While growing up I imagined one day driving an expensive convertible sports car. I’d roar up to my father’s house unannounced to see the look on his face when he opened the door. In my scripted scenario I’d won Wimbledon or was a big star like Donny Osmond or David Cassidy.
The obvious price of giving up my anonymity was the loss of privacy and often my dignity.
Not to mention how it feels when people say dreadful things about me or what I’ve written.
There have been times when I didn’t want to leave the house after especially bad publicity.
If it was scandalous enough, I’d call Ruth and say we needed to talk face-to-face.
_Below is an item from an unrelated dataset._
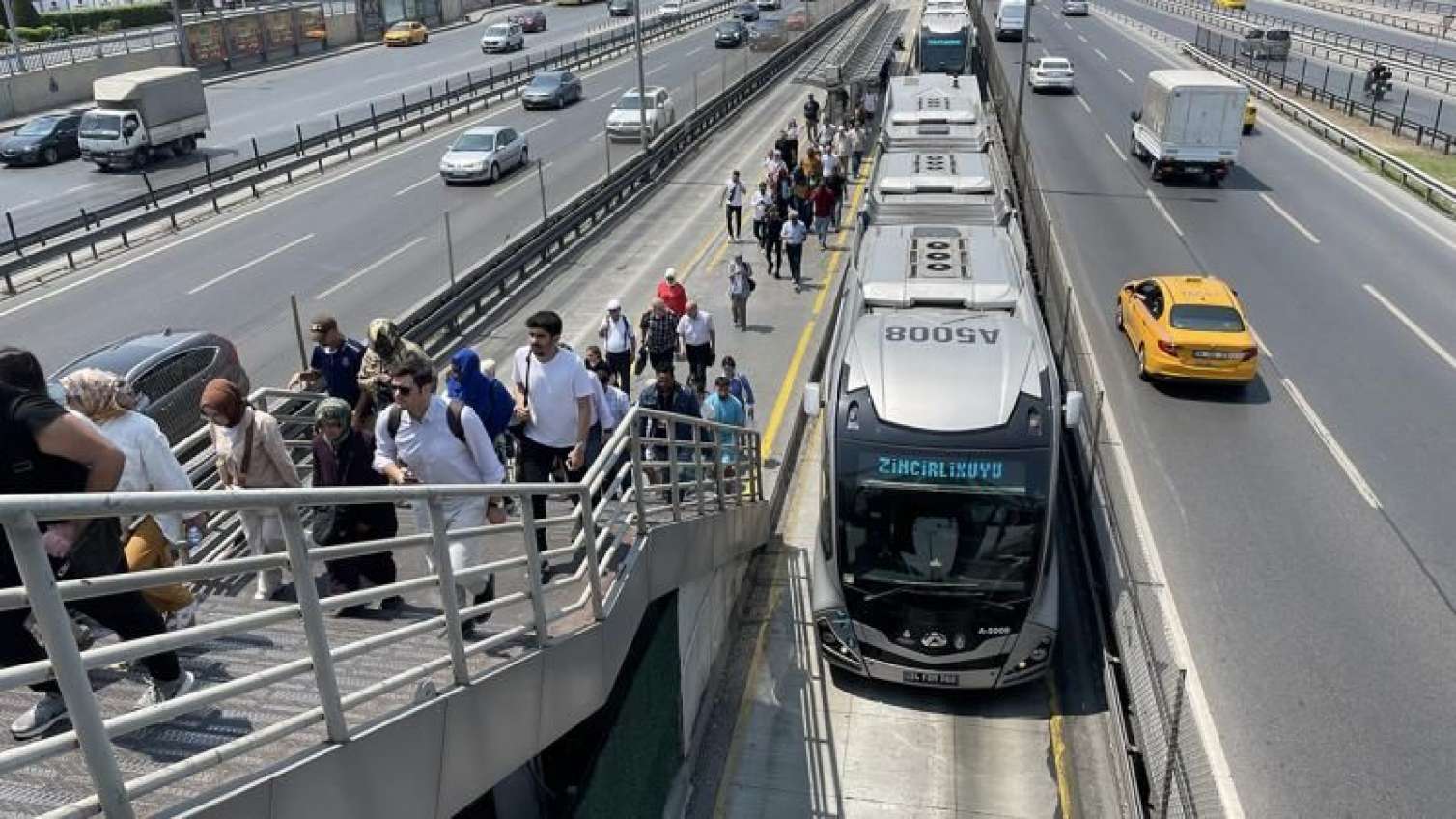  İstanbulda ictimai nəqliyyat pulsuz olacaq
“What did you do this time?” she’d ask.
To this day I rarely read anything written about me, most of all book reviews.
Something jolting can send me off course.
I’m careful what I expose myself to, aware of how I’ll react.
When I want to know the current star rating on or Goodreads, I ask my partner, Staci, to look and give me the upshot.
I don’t want so much as a glimpse at the comments.
Staci has a steady, kind, and reassuring disposition, which is one of many reasons we’re together.
Things don’t bother her the way they do me.
If an important article has just come out, she’ll go through it first. Maybe I’ll read it, maybe I won’t, but not while I’m writing. Distractions are my mortal enemy.
I can relate to Charles Dickens paying street musicians to stop playing in front of his house. I don’t listen to anything while I write, my office in Boston soundproofed. When I work in hotels or other places, I always carry a pair of noise-canceling headphones.